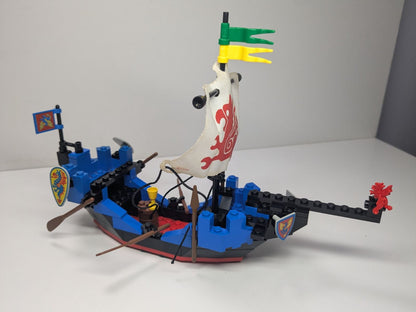 LEGO Castle: Sea Serpent (6057) - Complete - rear view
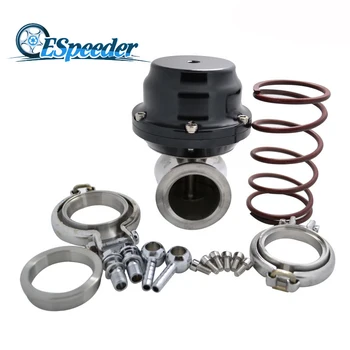 

ESPEEDER 44mm External Wastegate MVS V-Band Flange Turbo Waste Gate For Supercharge Turbo Manifold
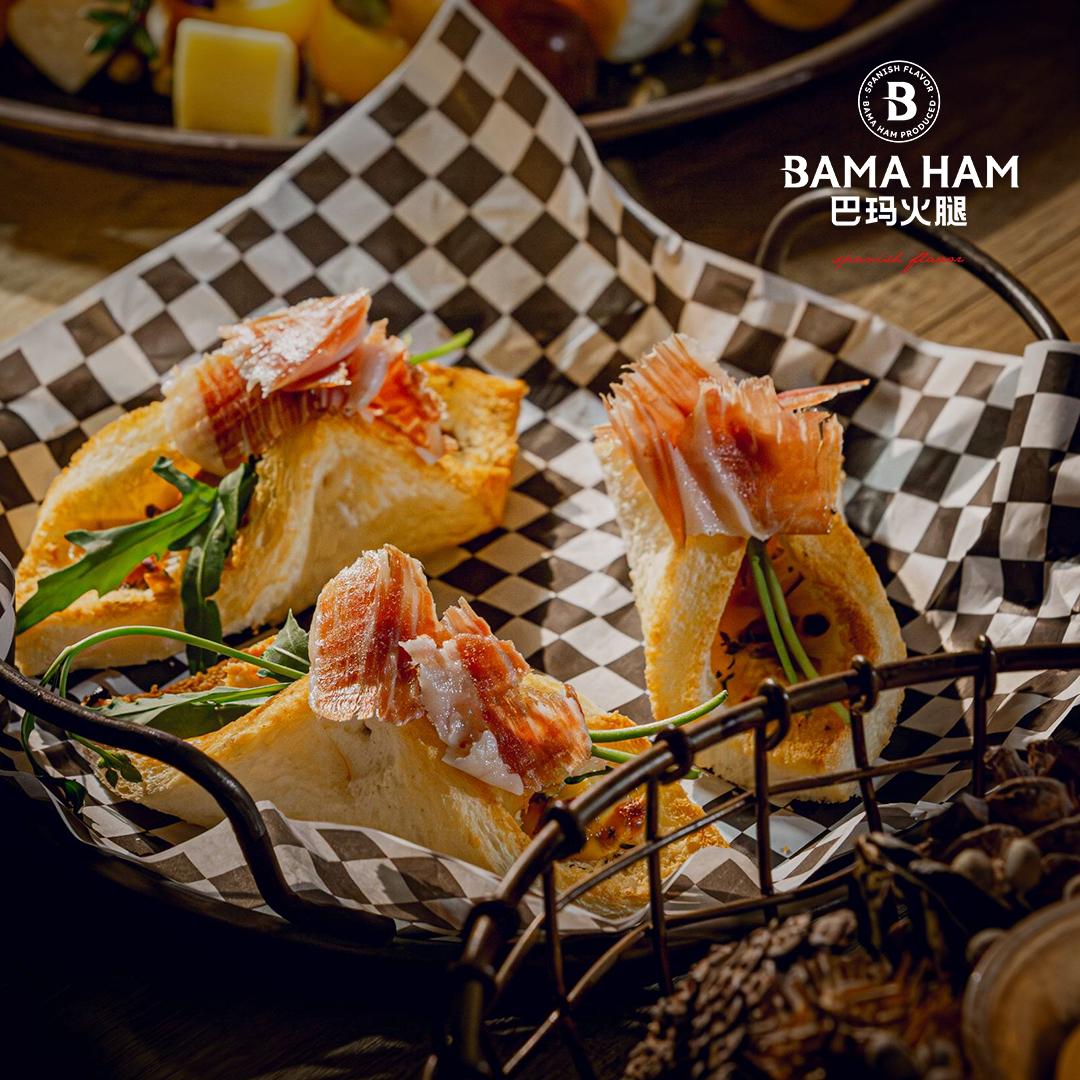巴瑪火腿芝士土司卷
━━━━━━━━━━━━━━━━━━━━
### Required work
Leaving every picture out, output the data exactly as it stands.

### Response to the task
 LEGO Castle: Sea Serpent (6057) - Complete - rear view

ESPEEDER 44mm External Wastegate MVS V-Band Flange Turbo Waste Gate For Supercharge Turbo Manifold
巴瑪火腿芝士土司卷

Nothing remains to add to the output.